§ **DATA RECORDS**:
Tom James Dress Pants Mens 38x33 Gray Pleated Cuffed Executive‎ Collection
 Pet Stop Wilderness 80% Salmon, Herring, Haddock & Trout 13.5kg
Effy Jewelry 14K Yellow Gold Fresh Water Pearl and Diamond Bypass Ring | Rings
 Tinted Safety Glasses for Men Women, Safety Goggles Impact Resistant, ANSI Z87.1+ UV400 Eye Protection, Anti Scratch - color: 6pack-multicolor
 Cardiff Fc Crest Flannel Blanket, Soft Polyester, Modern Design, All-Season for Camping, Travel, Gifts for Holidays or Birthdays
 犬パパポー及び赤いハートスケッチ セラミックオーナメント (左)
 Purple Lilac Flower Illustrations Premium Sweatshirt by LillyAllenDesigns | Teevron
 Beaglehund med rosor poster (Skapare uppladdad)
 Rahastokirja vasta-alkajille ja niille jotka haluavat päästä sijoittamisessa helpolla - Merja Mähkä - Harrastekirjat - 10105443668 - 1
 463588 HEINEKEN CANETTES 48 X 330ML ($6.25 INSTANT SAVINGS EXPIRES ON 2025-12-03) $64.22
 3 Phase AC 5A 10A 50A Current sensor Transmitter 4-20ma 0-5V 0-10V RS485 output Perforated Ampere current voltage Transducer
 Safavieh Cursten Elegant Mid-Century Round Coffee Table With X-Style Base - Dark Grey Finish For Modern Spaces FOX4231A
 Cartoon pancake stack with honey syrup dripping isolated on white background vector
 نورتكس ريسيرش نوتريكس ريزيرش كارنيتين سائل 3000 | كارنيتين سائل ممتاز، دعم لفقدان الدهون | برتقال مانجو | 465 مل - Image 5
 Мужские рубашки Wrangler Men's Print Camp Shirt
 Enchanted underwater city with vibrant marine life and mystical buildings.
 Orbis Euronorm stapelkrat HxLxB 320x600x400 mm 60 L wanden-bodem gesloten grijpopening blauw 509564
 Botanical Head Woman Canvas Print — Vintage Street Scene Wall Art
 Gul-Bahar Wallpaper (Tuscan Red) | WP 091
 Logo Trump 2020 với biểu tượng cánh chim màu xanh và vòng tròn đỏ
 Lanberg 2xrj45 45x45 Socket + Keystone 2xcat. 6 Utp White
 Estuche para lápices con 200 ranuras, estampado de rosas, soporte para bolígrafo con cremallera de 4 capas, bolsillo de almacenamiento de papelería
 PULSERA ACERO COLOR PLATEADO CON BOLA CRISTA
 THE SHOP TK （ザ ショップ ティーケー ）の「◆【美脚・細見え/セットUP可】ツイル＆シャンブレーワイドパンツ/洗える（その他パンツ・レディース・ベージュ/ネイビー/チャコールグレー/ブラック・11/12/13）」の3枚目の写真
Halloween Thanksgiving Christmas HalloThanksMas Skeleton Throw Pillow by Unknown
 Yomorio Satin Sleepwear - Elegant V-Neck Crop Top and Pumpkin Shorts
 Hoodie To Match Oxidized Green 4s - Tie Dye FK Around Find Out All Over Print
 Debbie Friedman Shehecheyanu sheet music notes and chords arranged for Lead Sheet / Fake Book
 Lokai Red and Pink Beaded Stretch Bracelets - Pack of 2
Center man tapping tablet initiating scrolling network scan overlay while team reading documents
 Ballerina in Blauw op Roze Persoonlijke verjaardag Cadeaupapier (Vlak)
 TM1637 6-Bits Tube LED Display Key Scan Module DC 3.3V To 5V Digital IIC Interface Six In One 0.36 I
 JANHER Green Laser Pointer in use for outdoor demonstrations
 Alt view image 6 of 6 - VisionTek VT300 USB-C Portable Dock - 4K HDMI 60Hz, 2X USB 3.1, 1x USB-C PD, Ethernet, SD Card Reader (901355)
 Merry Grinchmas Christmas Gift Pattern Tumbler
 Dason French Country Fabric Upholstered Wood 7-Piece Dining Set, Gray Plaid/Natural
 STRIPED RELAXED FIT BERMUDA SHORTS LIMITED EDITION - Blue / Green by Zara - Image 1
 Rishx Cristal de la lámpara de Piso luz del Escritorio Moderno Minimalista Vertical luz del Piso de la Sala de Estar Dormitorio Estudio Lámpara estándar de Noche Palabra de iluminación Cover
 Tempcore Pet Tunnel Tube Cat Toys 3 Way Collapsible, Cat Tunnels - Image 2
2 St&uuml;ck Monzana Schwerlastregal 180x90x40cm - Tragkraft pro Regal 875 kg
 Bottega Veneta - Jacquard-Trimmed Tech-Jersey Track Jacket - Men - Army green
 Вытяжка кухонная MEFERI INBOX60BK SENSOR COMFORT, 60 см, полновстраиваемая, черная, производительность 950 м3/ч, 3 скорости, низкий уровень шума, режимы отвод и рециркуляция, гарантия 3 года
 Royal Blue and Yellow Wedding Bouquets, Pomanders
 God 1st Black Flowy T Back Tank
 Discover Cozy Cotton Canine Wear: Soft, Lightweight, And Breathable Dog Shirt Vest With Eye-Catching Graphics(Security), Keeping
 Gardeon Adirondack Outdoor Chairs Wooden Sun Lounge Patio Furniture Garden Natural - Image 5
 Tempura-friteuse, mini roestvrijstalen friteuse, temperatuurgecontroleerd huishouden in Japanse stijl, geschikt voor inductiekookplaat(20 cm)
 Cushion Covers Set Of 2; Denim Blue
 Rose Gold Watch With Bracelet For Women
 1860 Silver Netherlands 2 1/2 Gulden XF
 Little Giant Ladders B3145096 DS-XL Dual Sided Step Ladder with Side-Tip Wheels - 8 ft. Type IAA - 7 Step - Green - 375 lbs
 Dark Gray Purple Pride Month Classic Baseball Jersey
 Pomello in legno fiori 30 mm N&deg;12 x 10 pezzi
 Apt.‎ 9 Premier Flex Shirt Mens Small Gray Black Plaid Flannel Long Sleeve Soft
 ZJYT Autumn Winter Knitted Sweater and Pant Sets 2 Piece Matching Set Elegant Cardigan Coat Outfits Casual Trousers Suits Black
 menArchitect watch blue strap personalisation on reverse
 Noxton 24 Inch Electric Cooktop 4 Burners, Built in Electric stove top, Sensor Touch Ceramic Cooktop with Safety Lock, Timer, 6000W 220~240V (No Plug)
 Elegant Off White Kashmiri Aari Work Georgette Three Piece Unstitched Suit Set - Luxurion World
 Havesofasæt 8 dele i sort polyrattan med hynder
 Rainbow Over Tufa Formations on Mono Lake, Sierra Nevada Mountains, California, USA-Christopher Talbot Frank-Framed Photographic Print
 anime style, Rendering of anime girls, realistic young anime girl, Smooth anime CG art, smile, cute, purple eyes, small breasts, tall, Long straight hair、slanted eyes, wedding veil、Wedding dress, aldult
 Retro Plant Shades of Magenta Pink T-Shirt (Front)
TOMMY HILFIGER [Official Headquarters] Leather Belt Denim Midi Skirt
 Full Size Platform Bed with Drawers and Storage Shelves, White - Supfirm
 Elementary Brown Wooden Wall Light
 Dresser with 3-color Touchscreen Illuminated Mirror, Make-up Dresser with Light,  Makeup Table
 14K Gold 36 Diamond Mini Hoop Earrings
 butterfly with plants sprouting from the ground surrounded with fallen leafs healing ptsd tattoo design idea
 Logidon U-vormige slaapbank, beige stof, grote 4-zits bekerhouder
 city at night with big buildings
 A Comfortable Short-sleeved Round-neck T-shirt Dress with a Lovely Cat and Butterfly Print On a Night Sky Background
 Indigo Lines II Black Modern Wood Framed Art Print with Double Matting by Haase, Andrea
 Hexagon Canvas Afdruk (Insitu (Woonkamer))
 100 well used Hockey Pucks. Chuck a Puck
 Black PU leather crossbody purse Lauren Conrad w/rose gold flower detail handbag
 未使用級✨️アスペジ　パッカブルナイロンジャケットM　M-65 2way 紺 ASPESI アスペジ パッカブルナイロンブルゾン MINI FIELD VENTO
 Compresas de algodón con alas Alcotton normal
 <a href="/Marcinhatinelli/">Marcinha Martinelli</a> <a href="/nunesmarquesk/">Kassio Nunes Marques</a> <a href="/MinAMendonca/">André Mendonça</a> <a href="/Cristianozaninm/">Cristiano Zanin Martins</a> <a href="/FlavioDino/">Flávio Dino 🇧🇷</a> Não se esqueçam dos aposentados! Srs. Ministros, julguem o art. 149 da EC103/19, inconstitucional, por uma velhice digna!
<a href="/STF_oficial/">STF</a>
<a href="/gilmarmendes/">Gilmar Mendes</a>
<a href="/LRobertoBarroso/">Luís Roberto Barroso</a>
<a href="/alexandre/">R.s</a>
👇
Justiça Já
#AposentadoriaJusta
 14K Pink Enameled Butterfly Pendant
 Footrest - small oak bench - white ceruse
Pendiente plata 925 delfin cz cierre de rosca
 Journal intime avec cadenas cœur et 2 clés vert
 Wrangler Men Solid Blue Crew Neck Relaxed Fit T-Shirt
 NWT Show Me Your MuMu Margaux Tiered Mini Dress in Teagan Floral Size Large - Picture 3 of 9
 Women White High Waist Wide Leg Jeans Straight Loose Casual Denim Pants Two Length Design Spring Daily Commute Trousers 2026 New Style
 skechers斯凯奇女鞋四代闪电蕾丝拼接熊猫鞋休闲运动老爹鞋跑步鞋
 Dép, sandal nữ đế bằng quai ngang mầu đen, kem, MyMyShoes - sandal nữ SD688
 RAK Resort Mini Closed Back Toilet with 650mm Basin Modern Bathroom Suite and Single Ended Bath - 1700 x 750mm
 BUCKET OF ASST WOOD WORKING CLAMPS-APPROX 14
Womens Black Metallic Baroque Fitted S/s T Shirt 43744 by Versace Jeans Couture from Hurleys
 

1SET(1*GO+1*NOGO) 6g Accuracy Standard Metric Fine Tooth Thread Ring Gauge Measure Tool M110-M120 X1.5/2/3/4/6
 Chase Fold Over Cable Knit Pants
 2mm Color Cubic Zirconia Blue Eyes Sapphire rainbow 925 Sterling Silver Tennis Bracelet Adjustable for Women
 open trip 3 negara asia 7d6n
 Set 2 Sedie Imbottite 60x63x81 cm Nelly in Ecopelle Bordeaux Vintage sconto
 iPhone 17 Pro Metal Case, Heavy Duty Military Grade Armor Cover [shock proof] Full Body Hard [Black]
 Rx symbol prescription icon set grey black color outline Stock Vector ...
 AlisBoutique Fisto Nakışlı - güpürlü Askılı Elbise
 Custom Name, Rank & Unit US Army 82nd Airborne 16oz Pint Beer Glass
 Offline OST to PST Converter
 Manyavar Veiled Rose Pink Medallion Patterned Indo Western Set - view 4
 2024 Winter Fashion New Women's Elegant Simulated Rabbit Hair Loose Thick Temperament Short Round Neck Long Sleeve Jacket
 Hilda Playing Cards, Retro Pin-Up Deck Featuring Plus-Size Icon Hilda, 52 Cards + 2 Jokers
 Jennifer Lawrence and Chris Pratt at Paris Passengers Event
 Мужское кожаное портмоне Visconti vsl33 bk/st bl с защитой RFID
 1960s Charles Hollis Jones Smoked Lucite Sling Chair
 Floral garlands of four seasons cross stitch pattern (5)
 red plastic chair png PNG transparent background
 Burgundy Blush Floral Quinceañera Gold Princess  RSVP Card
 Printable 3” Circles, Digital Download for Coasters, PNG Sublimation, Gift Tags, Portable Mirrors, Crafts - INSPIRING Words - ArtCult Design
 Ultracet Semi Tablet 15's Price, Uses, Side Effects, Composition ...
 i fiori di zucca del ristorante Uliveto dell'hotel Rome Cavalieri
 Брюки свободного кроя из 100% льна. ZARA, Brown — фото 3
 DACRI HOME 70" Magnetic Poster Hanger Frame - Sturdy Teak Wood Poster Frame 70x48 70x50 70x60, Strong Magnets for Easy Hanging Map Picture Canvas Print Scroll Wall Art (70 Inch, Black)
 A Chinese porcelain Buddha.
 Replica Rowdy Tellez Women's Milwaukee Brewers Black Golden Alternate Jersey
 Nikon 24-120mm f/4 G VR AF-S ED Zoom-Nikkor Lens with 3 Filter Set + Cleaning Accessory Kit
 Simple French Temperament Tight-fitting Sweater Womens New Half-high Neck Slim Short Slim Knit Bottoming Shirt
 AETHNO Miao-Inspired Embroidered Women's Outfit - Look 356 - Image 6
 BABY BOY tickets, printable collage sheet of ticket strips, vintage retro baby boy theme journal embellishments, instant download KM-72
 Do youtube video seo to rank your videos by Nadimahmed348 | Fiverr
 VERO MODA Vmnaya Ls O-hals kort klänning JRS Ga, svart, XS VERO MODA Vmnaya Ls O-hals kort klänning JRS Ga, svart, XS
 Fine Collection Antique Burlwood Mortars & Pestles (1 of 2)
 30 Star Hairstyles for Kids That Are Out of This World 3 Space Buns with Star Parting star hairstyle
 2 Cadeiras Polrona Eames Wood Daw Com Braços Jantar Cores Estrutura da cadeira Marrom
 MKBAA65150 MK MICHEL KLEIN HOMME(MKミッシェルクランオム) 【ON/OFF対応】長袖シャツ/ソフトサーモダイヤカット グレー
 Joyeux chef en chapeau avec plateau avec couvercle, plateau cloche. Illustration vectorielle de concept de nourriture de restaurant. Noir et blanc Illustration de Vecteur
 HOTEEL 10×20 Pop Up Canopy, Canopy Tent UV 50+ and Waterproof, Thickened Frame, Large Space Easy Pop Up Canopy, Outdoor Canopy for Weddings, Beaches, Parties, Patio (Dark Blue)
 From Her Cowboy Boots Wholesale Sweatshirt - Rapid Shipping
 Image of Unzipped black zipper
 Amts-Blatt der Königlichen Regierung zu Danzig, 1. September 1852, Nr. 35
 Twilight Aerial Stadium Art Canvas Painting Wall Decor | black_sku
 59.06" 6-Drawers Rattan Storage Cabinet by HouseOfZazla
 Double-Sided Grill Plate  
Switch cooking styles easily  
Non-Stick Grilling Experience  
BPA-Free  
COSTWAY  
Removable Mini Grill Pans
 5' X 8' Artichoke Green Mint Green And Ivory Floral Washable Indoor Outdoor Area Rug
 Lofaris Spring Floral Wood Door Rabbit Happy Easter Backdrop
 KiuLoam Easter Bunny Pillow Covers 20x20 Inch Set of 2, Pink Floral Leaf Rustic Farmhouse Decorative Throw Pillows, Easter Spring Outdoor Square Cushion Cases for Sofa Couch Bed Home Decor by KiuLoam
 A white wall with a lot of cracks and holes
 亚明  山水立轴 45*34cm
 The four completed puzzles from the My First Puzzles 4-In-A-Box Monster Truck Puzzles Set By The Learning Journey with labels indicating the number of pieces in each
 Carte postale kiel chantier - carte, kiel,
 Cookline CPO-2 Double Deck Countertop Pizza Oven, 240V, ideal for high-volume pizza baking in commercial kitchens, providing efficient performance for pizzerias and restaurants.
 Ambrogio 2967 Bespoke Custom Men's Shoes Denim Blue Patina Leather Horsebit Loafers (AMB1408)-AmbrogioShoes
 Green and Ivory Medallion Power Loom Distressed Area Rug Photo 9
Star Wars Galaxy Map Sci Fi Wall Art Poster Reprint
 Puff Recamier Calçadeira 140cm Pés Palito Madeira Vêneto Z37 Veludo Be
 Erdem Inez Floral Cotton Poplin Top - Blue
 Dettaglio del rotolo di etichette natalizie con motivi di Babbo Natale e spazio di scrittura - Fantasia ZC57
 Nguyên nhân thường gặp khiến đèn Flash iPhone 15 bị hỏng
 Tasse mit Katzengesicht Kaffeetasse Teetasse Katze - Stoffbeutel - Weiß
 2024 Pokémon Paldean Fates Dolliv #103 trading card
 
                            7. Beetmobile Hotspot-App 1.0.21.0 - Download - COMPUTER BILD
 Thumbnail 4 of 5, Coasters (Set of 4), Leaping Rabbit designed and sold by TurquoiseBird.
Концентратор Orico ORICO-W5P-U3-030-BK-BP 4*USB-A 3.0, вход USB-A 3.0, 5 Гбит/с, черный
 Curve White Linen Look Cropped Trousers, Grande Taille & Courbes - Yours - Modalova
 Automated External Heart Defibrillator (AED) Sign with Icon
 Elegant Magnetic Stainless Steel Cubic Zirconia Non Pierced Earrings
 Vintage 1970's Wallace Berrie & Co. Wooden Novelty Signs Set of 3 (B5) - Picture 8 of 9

§ **ASSIGNED TASK**:
Could you set down, exactly as written, the lines above between the one holding "Hexagon Canvas Afdruk (Insitu (Woonkamer))" and the one holding "Compresas de algodón", inclusive, and nothing more?

§ **TASK OUTPUT**:
 Hexagon Canvas Afdruk (Insitu (Woonkamer))
 100 well used Hockey Pucks. Chuck a Puck
 Black PU leather crossbody purse Lauren Conrad w/rose gold flower detail handbag
 未使用級✨️アスペジ　パッカブルナイロンジャケットM　M-65 2way 紺 ASPESI アスペジ パッカブルナイロンブルゾン MINI FIELD VENTO
 Compresas de algodón con alas Alcotton normal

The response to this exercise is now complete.